In France, according to a study by the National Music Center platforms such as Deezer, Spotify and Qobuz would have between 1% and 3% of streams considered fraudulent in 2021.

“It is a real scourge. Since Spotify has sought to open up to everyone, for and not only to the majors, it has been confronted with individuals who use bots to inflate the audience of songs that have nothing artistic about them”, underlines Alice Enders, from Enders Analysis. According to her, there are more and more 30-second clips on the platform, no doubt generated by AI. The share of streams from majors and independent labels has thus increased from 85% in 2018 to 75% in 2022.

In this remaining quarter, “there are certainly amateur musicians, who use bots to climb and get noticed by record companies, but also more and more scammers who seek to siphon off the income of genuine creators”, she says.

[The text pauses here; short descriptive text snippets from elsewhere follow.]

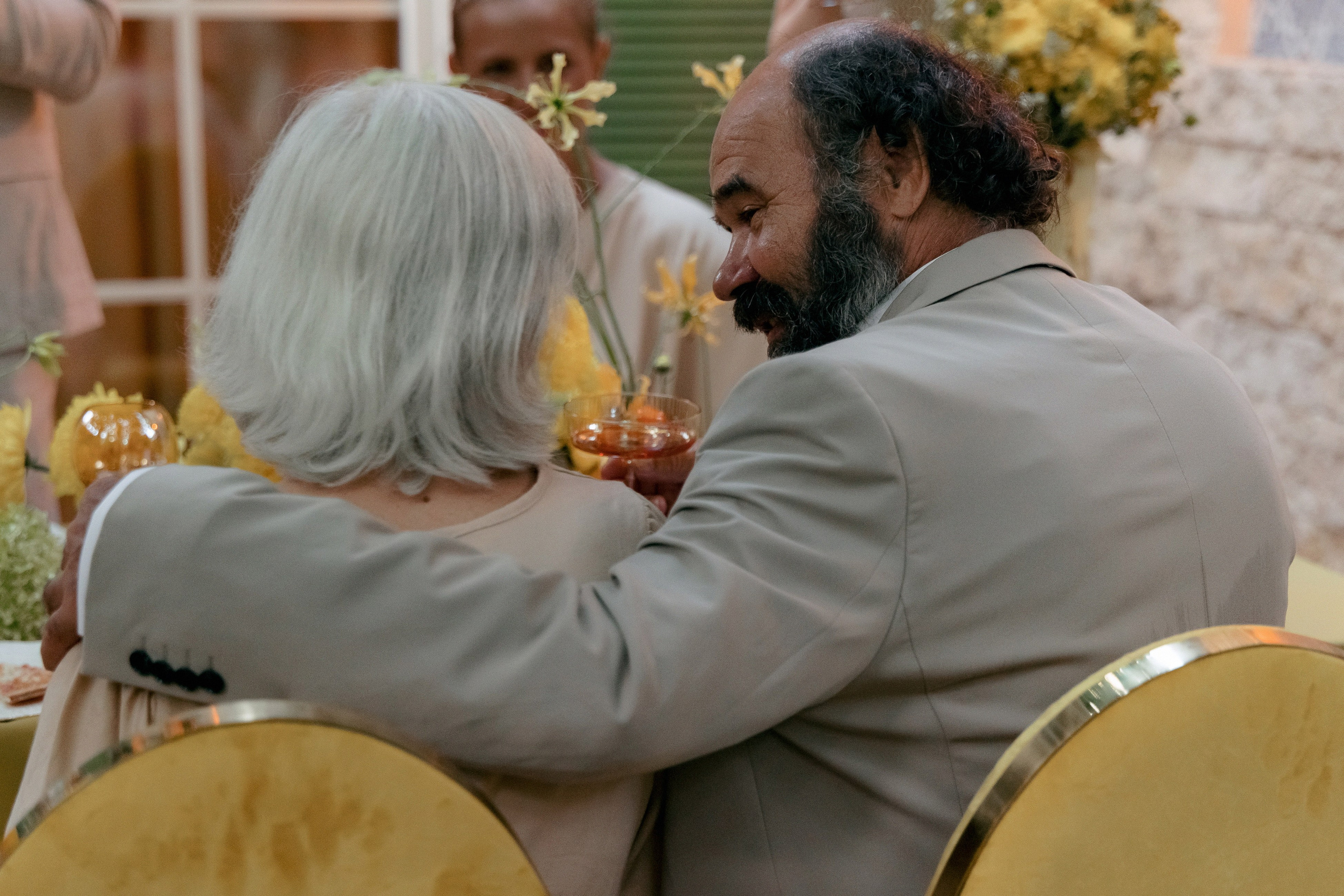 Елизавета и Евгений: итальянская романтика в подмосковных пейзажах. Свадебный фотограф Москва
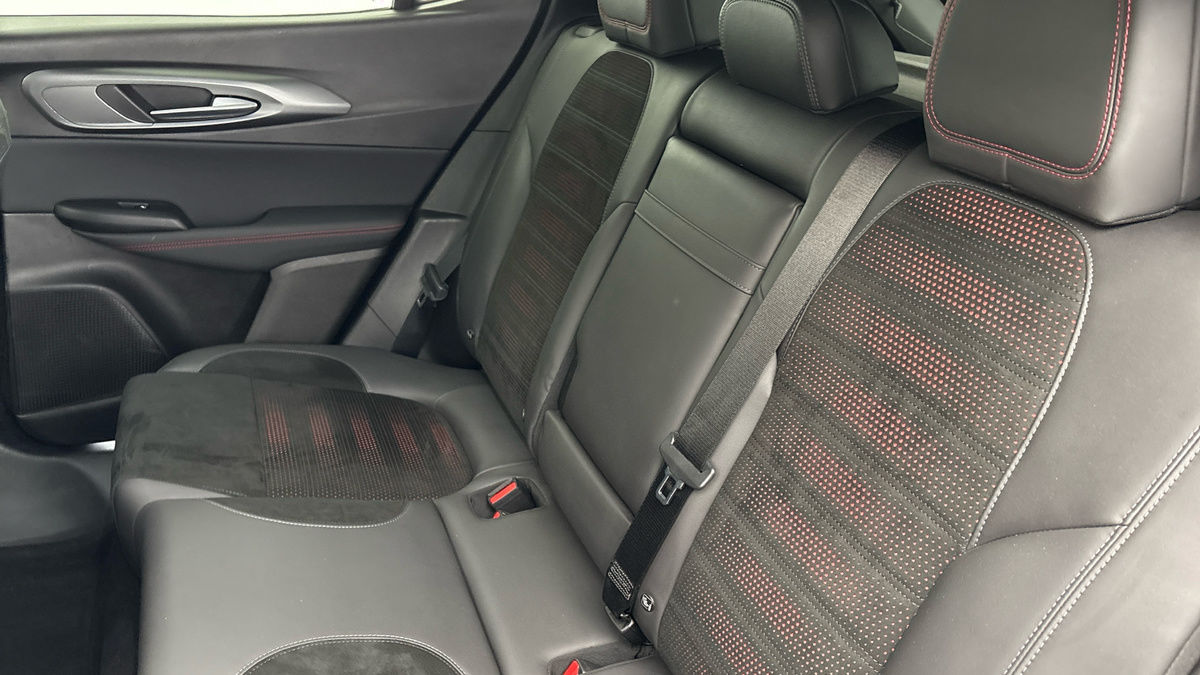 Used Alfa Romeo Tonale 2022 for sale - 76630352: Photo 8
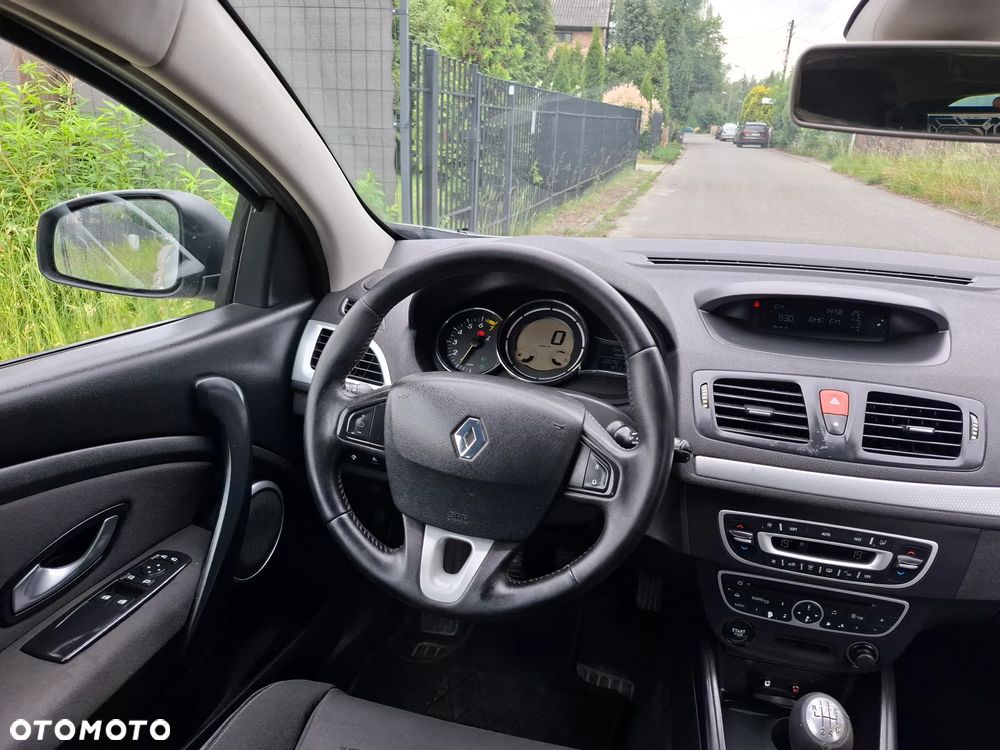 Renault Megane 1.6 16V Luxe Dynamique - 20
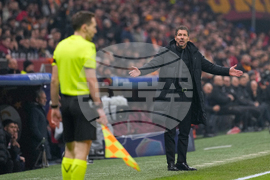 Turkey Champions League Soccer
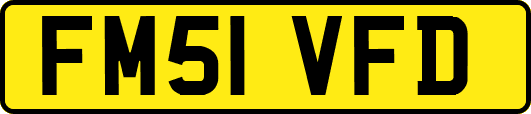 FM51VFD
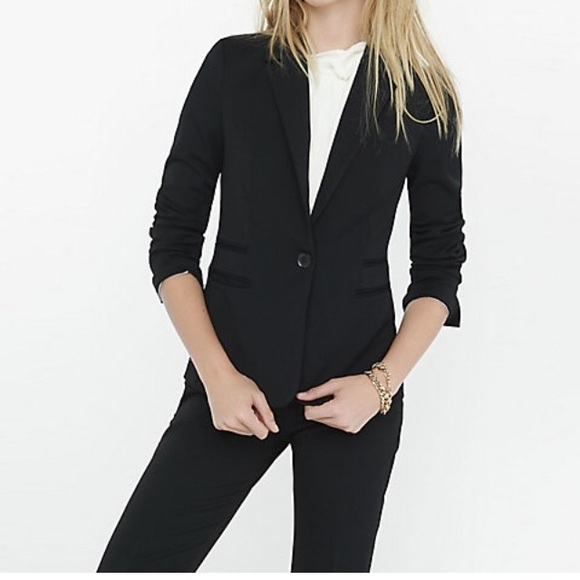 Express Blazer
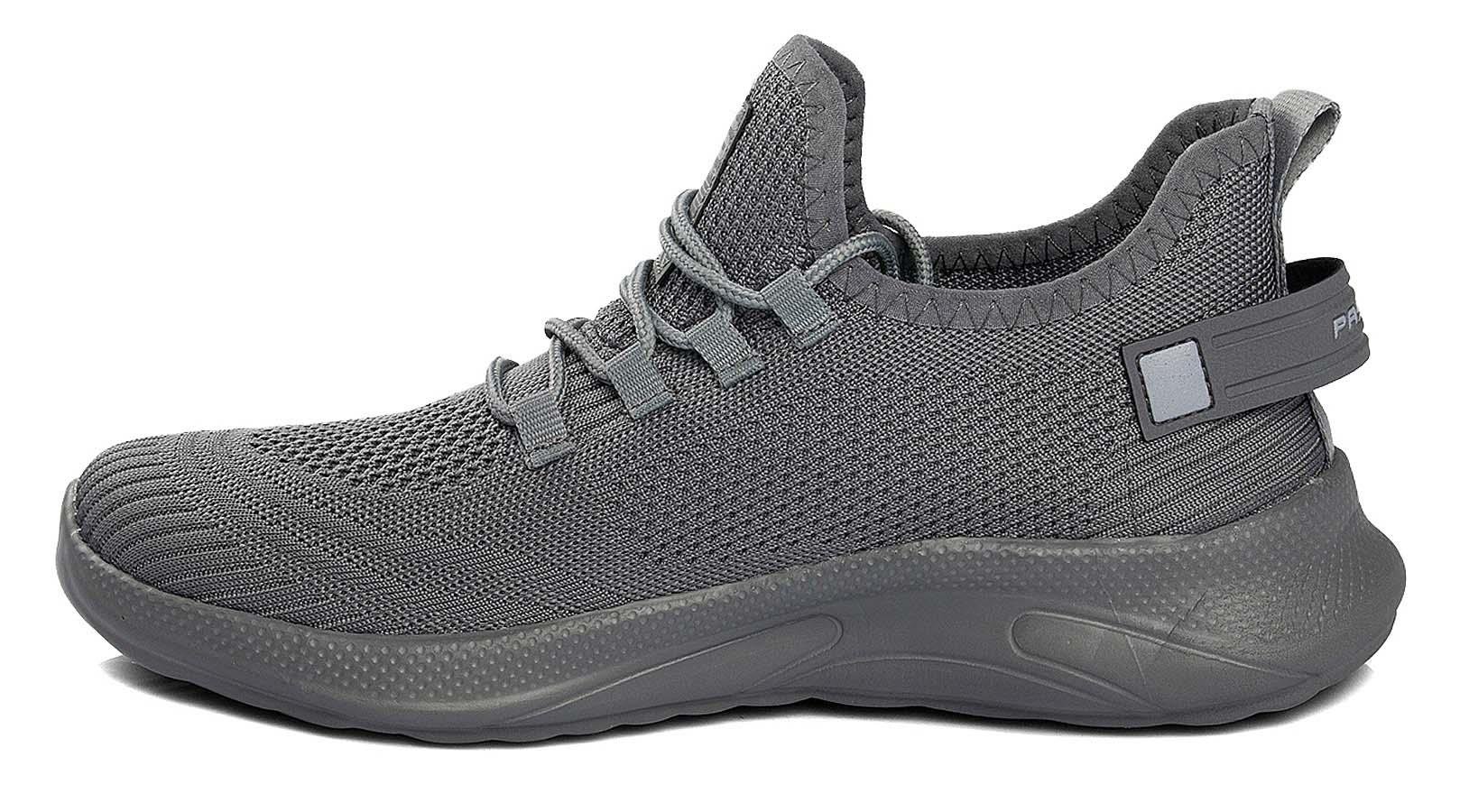 Toptan SPOR Ayakkabı Toptan PASOMİA PS 062 M   40-44   FÜME - Dumanlar Ayakkabı Dumanlar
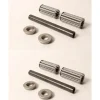 Fashion 2 PK Wheel Bearing Kit For Exmark 126-3289 Wheel ASM RAS708GEM 1/2" ID 1-3/8" OD - Explore Premium Parts & Accessories for All Motor Vehicle Models Rotary Parts & Accessories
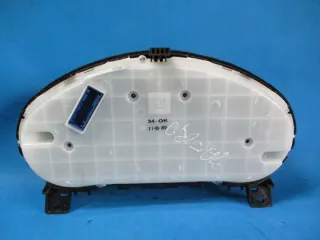 13374940 Щиток приборов (приборная панель) Opel Astra J Арт e7542183, вид 2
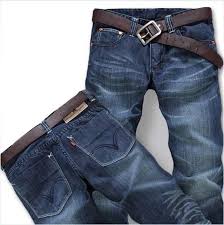 تولید شلوار جین در ایران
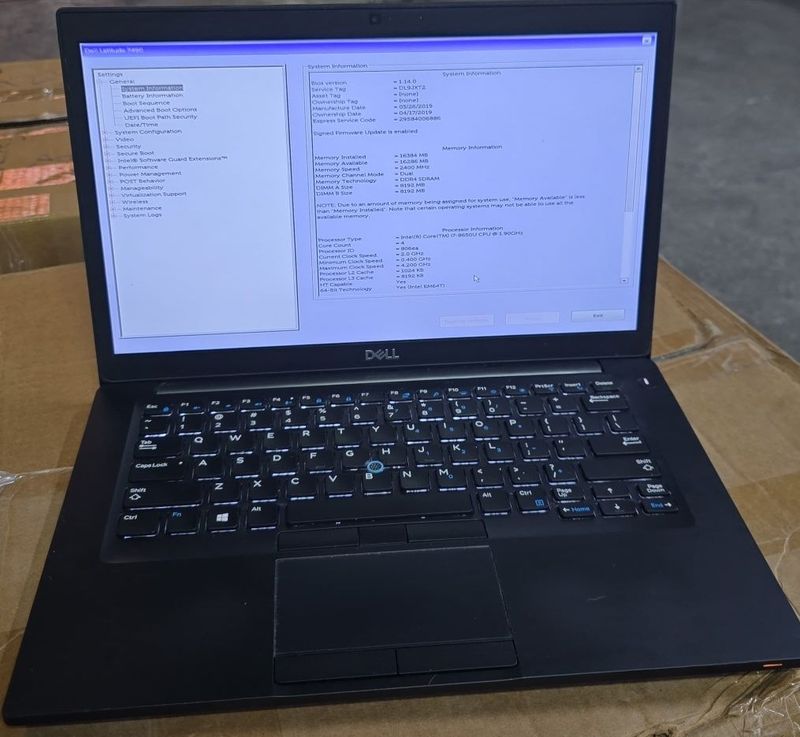 Dell, core i5, moshniy, sensorniy noutbuk Dell, core i5, moshniy, sensorniy noutbuk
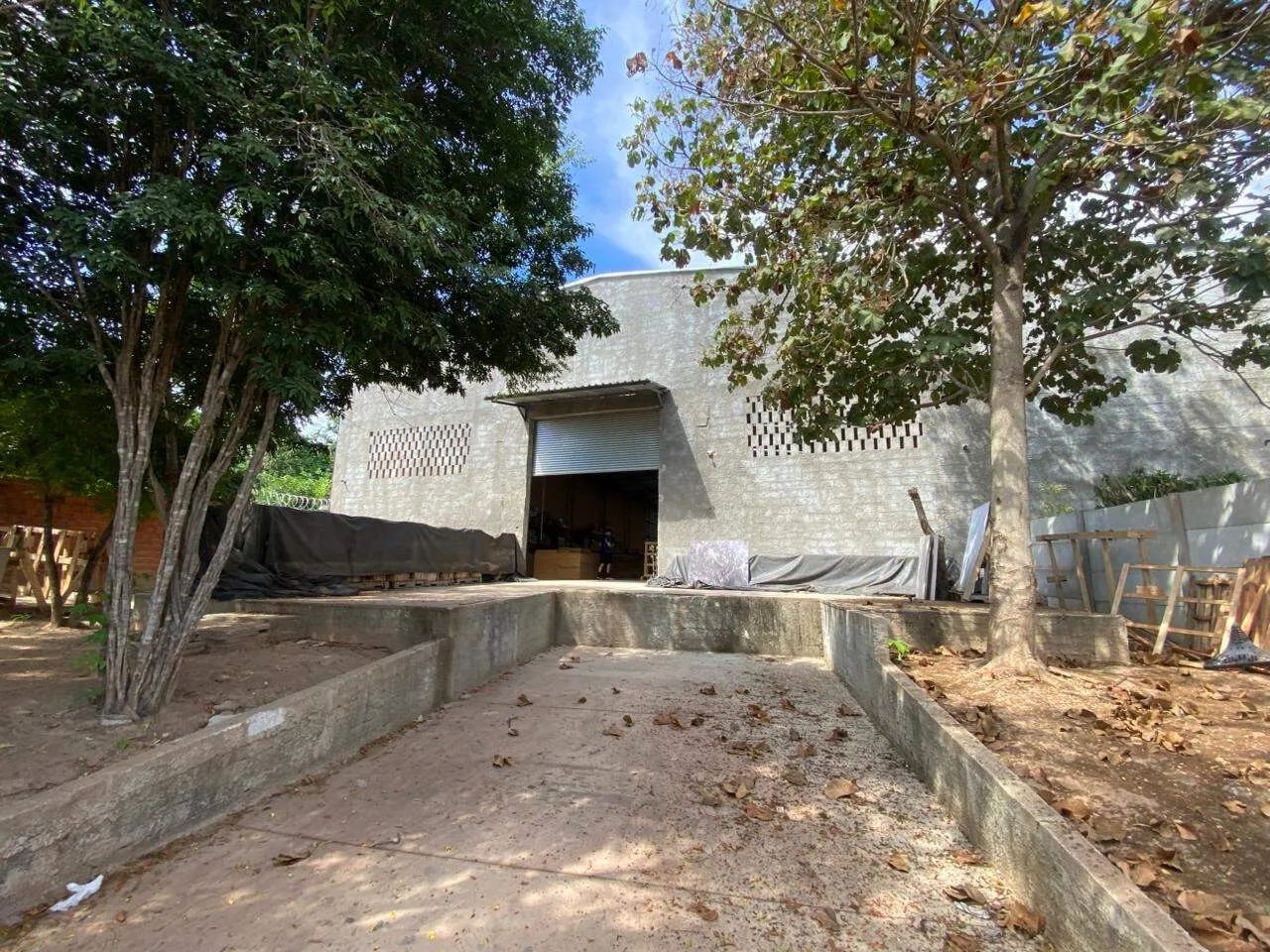 Galpão Comercial para Aluguel - Foto 2
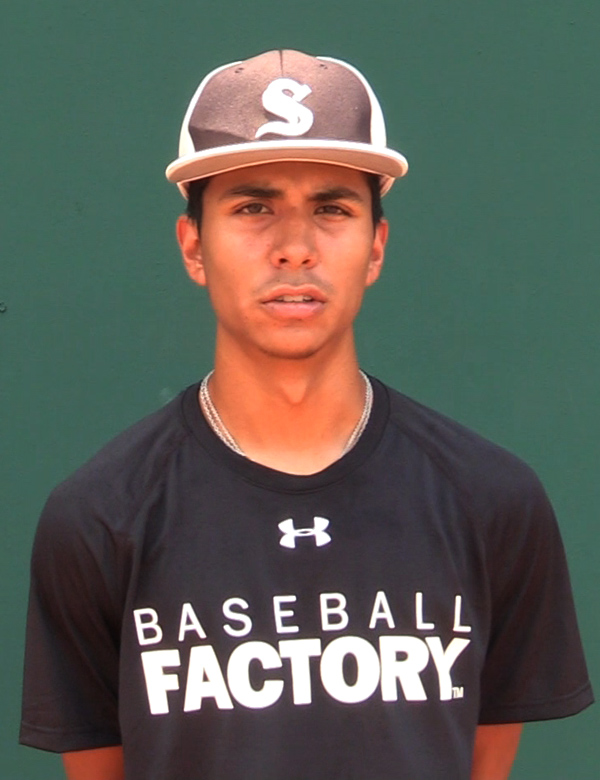 Garrett Garcia
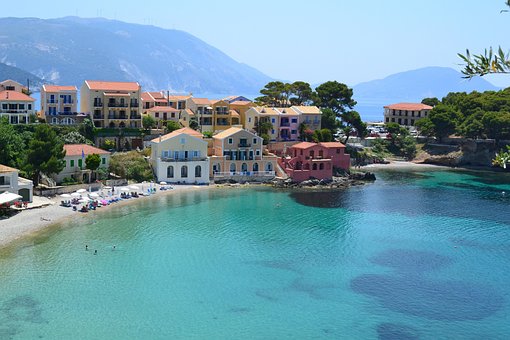 60+ Free Kefalonia & Greece Images - Pixabay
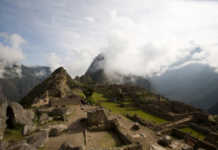 Unesco World Heritage Sites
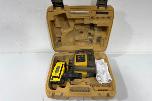 Topcon RL-H5A rotasjonslaser med Leica Rod Eye 160 Digital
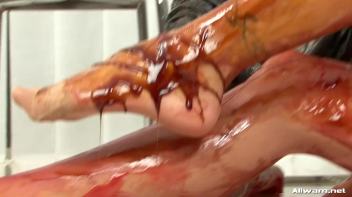 Lick It Off Screencap 77 on www.sinx.com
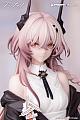 Myethos Gift+ Arknights Theresa Otoritsu no Tabi VER. 1/8 Plastic Figure gallery thumbnail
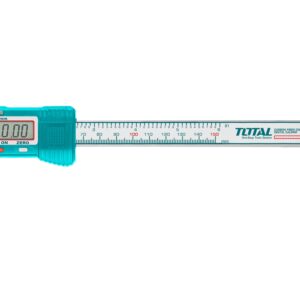 Měřítko posuvné digitální, rozsah 0-150mm/0,1mm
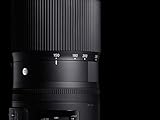 Sigma Objektiv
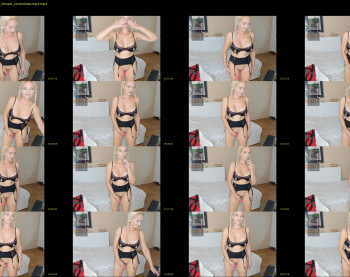 taichi75 — 20 minute Chaturbate female cam show recording, 1080p, Sep 8, 2020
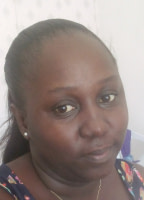 Fallone maurane Kechi
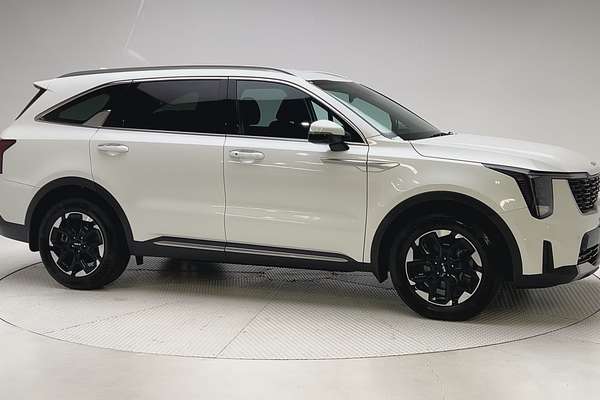 2024 Kia Sorento Sport MQ4 PE thumb-3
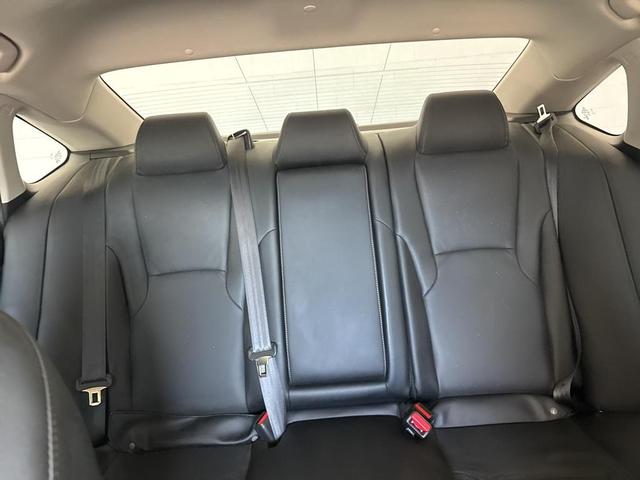 Photo of 2023 Platinum White Pearl Honda Accord Hybrid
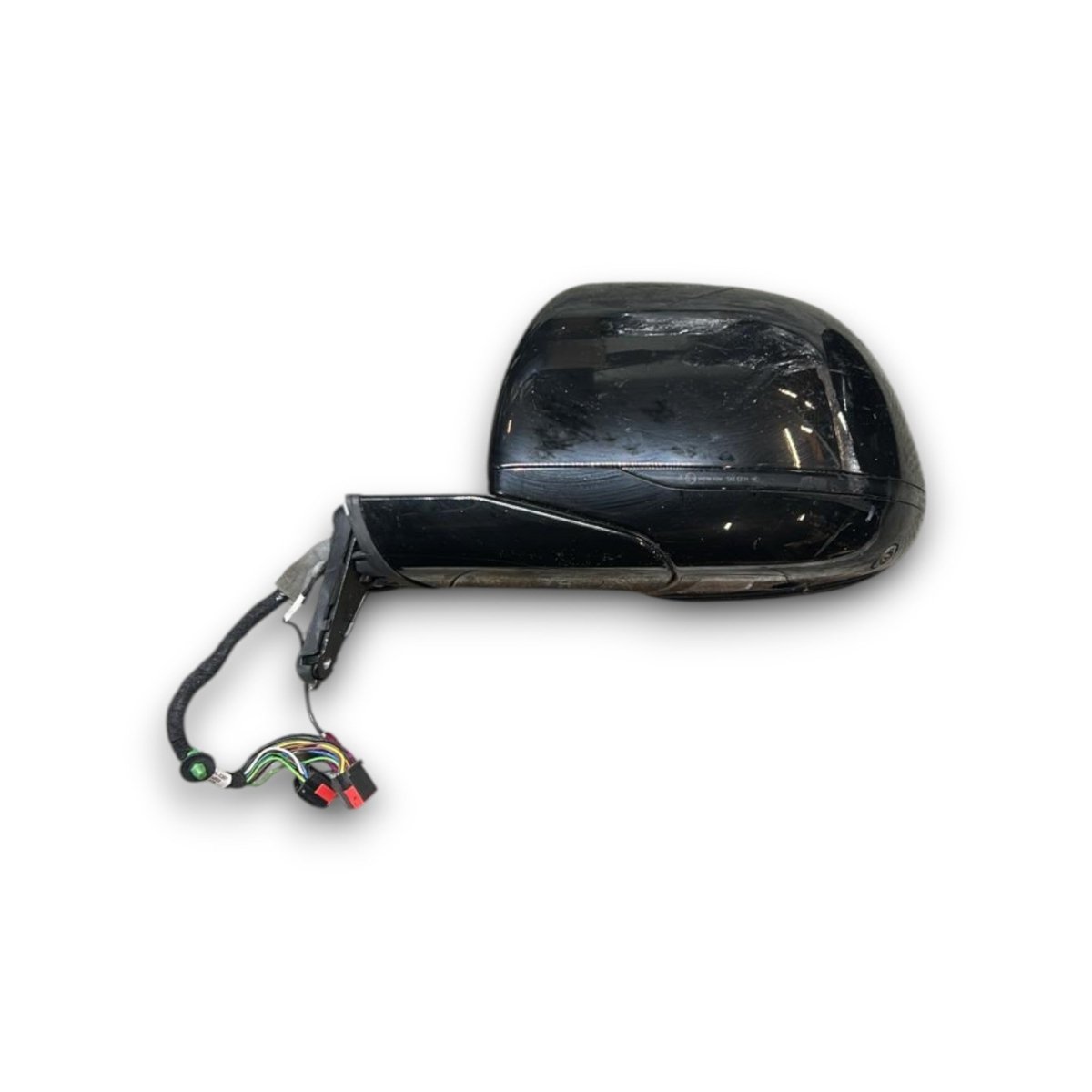 Specchietto elettrico anteriore sinistro Range Rover Sport 2387.5001 (L461) (2022 > ) - F&P CRASH SRL - Ricambi Usati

The subject of AI has become a growing cause for concern, raising both issues relating to copyright, but also to the reliability of data on real listening, and indeed the remuneration of the music ecosystem.

Lucian Grainge, General Manager of Universal Music has recently denounced the proliferation of songs and the risks of manipulation on platforms such as Spotify, when more than 100,000 songs are added to the latter every day. He told investors that “the recent explosive development of generative artificial intelligence, if left unchecked, will increase the flow of unwanted content onto platforms and create rights issues under existing legislation. matters of copyright”.

David Guetta, Drake etc.

According to the FT, Universal sent a letter to streaming companies asking them to down on the use of generative AI on their platforms in April.

Around the same time, a song using artificial intelligence to mimic the vocals of Drake and The Weeknd went viral on streaming platforms, sparking the ire of UMG. David Guetta himself used two online services to write lyrics in the style of Eminem, then recreate the voice of the rapper singing these few words, before broadcasting the extract in concert – which will not be marketed.

Daniel Ek, the director of Spotify cannot deny this problem . “I don’t think I’ve ever seen anything like it in technology,” he told analysts, of how quickly AI technology is advancing.

“This necessarily enters into the negotiations between the group and the majors, adds analyst Alice Enders. They could push Spotify for more content moderation.”

Contacted, Universal Music and Spotify declined to comment further.